Oui, je suis végétarienne depuis 12 ans, je n’ai pas d’enfant, pas de voiture. Hélas, on fonce dans le mur, ça fait 50 ans qu’on dit qu’on fonce dans le mur et tout le monde trouve ça cool. Dans les années 70, l’excuse pour ne pas y croire, c’était de traiter les écolos de marginaux, d’originaux. Aujourd’hui, avec le consensus scientifique, l’excuse pour ne pas y croire, c’est que c’est mainstream, une invention des « merdias » et des « escrogologistes », un complot qui vient d’en haut. Bref, l’absolu inverse, mais la mauvaise foi jusqu’au bout, parce que ce serait tellement dur de se remettre en question cinq minutes. Et puis de toute façon, c’est la faute des riches pas vrai ? C’est pas le bon peuple de France qui abat 3 millions d’animaux par jour pour son steak ou qui bétonne à tour de bras n’importe quel champ parce qu’il faut bien loger les trois enfants qui sont devenus grands. Et les rares personnes qui ont réellement une conscience écologique vont mourir avec la majorité qui s’en branle parce qu’on est assis sur la même branche. Que les gens arrêtent de se cacher derrière le fameux « ouin ouin on fait ce qu’on veut » et deviennent enfin des adultes. Manger de la viande et faire plusieurs enfants est un choix mortifère qui menace l’avenir de tous, y compris les végans sans enfants. La même branche.
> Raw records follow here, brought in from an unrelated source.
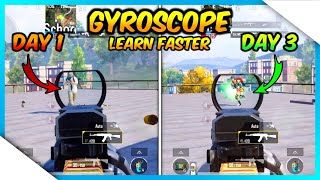 HOW TO USE GYROSCOPE FASTER | BGMI &amp; PUBG MOBILE GUIDE🔥 Tips &amp; Tricks.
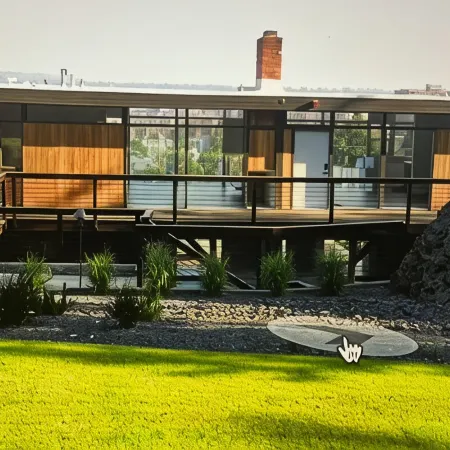 -Stunning Mid Century Modern with Amazing Downtown City Views!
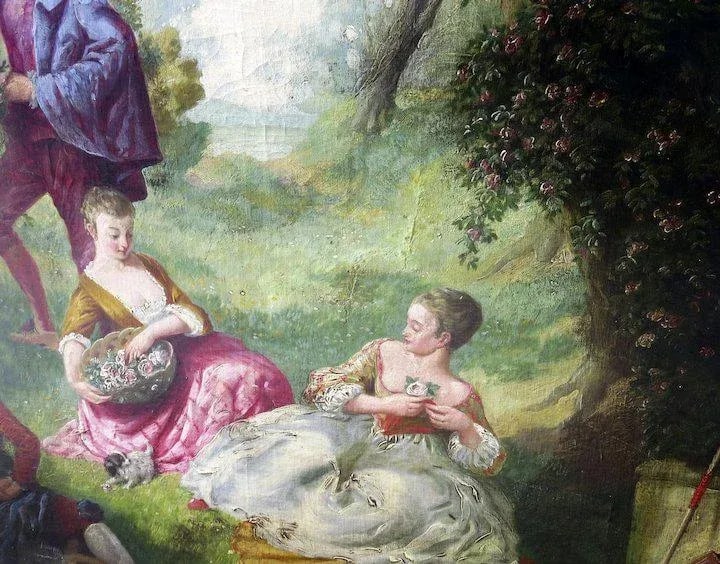 1920s French Oil on Board Paintings - a Pair - 5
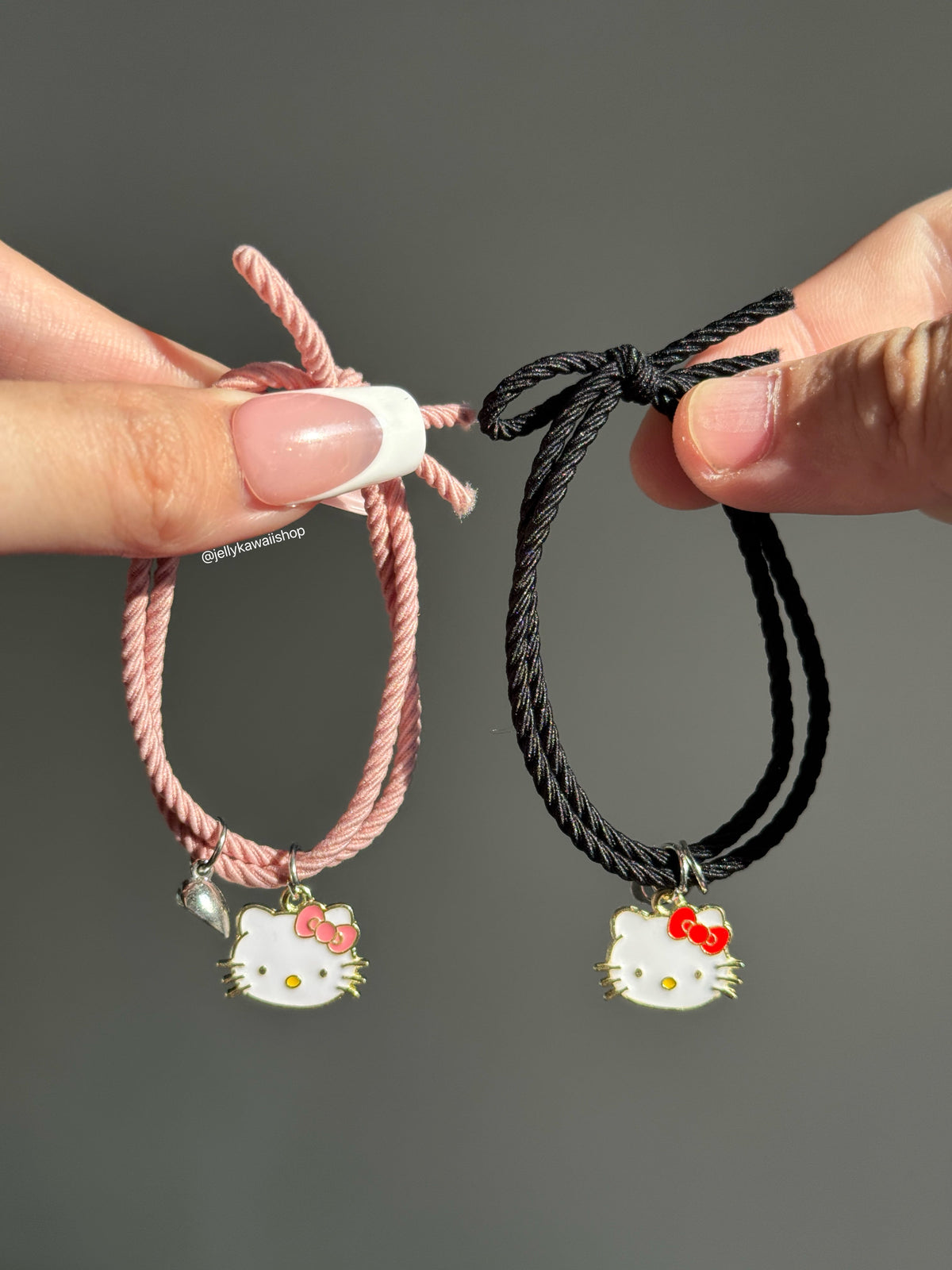 Hellokitty 2 Pcs Magnetic Couples Bracelets Adjustable Bracelets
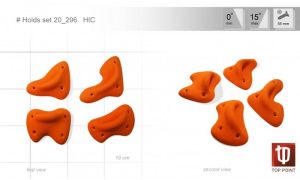 Набор удобных зацепов для скалолазания Top Point Hic #296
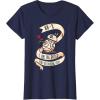 image:imageStar Wars BB8 Tattoo Style Valentines Day TShirtNavy Blue
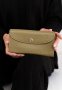 Шкіряний гаманець Smart Wallet оливкова краста (1)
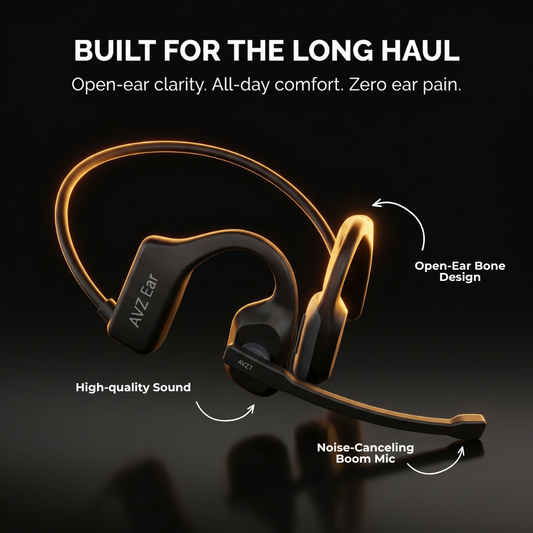 ProHaul Bone Conduction Headset for Professional Drivers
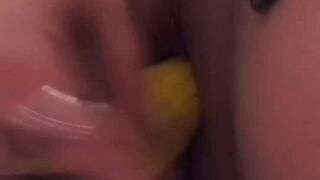 Amateur EU BBW masturbating her cunt inside groupsex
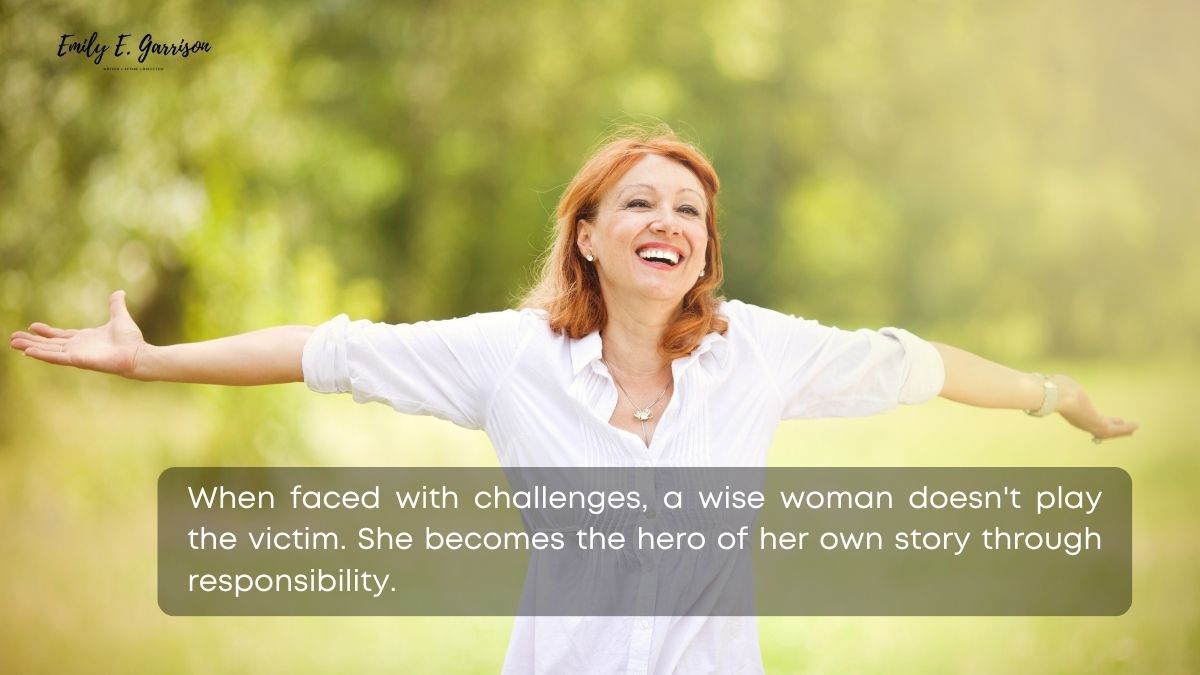 Mature lady quotes to help you take responsibility in life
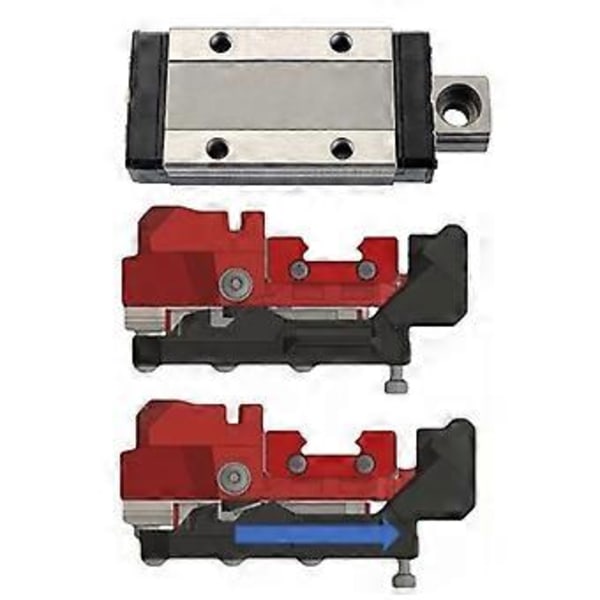 for Voron 2.4/R2 Tap MGN9 Skinne Probe - 3D Skriver Del Dyse Nivelleringsinstallasjon Skyveforbindelse 5CM Skinnesett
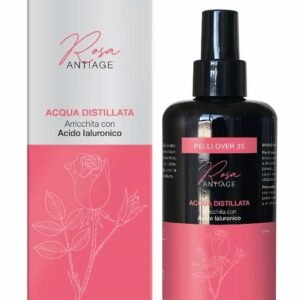 Acqua distillata arricchita rosa antiage pelli over 35 200 ml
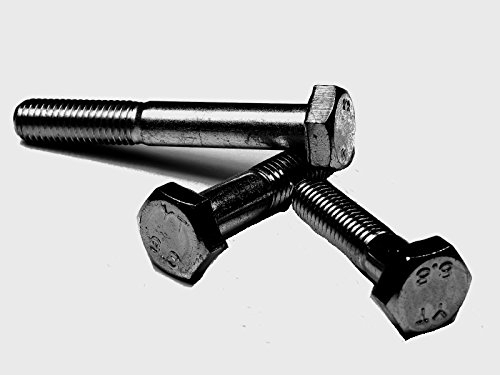DIN 931 / ISO 4014 PROFI Sechskant Schraube mit Schaft Güte 8.8 blank Stahl gehärtet - DIN931 PROFI 6kt TGW G8.8 BLK SGH - M12 x 100 (5 Stck)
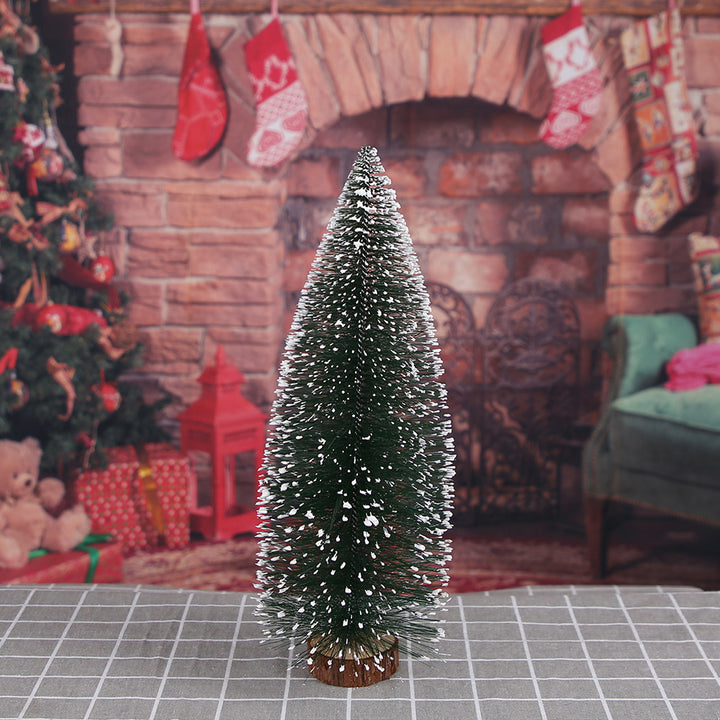 Mini Christmas tree made of pine needles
Amour de la nature, du calme, de la culture médiévale, … sont en décalage avec notre époque très urbanisée, numérisée, qui sur-sollicite les individus et multiplie les interactions sociales. Aurais-tu préféré vivre à une autre époque ?
C’est difficile à dire. Je ne me sens pas en décalage avec mon époque, mais avec l’humain et l’humain a toujours été le même, il ne s’est pas soudainement transformé en créature abjecte par la magie de la révolution industrielle. Si je devais vraiment choisir, je dirais les années 80 ou 90 pour vivre l’émergence de la batcave et du black metal.

L’art au sens large semble essentiel pour toi, as-tu des projets extra-musicaux à venir ?
Non, ma chaîne Youtube me prend beaucoup de temps, donc j’essaye de jongler entre les vidéos et la musique.

Merci pour cet échange, tu peux t’exprimer librement sur tout sujet qui te tiendrait à cœur et que l’on n’aurait pas abordé.

Merci à toi d’avoir pris le temps de découvrir mon univers.